Awful take. For starters, GOP-dominated counties tend to have smaller populations, which means less available labor to exploit for profit, and fewer jobs - of fucking course their GDPs are going to be smaller! What is even the point of looking at aggregate GDP (which corresponds to local capitalist profits more than anything worker-related with the post-1970s wage-productivity divergence), and then drawing a conclusion about the work ethic of the average person in each county? This person isn't even citing per capita data, which would control for the fact that there are just more people in the dense urban counties where, of course, Dems tend to do better!

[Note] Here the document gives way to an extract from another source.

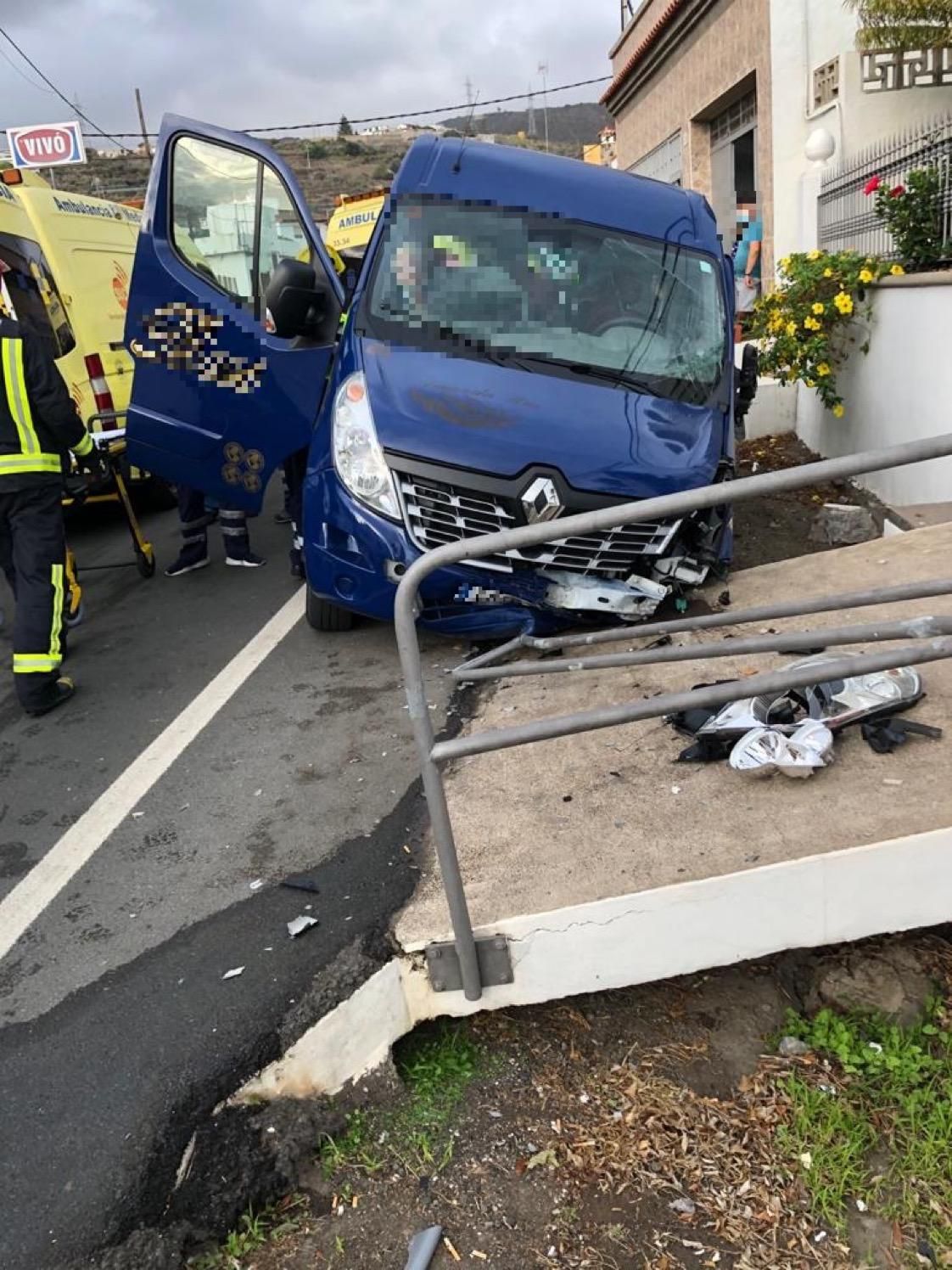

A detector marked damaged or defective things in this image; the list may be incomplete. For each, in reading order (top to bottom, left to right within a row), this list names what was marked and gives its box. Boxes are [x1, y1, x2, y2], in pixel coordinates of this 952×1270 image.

detached headlight [333, 372, 399, 520]
damaged windshield [363, 194, 726, 407]
broken guardrail [392, 435, 950, 1005]
bent metal railing [392, 438, 950, 1005]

(Relevant xkcd: https://xkcd.com/1138/)
If they wanted to make a point like "Republican voters don't work", they should have looked at unemployment insurance claims by county, or any of the U3, U6, or labor force participation rate. Most of these data should be available from the BLS.
Regarding the Brookings Institute article that produced this infographic, which has its own different problems, they use this statistic to comment on the same old portrait of a rural-urban economic divide manifesting in divergent propensities to support different parties, aka shit we knew already (with some classic conflation between Dems/libs and the left-leaning voters they hold hostage):
The problem—as we have witnessed over the past decade and are likely to continue seeing—is not only that Democrats and Republicans disagree on issues of culture, identity, and power, but that they represent radically different swaths of the economy. Democrats represent [sic] voters who overwhelmingly reside in the nation’s diverse economic centers, and thus tend to prioritize housing affordability [sic], an improved social safety net [sic], transportation infrastructure [sic], and racial justice [sic]. Jobs in blue America also disproportionately rely on national R&D investment, technology leadership, and services exports.
By contrast, Republicans represent an economic base situated in the nation’s struggling small towns and rural areas. Prosperity there remains out of reach for many, and the party sees no reason to consider the priorities and needs of the nation’s metropolitan centers.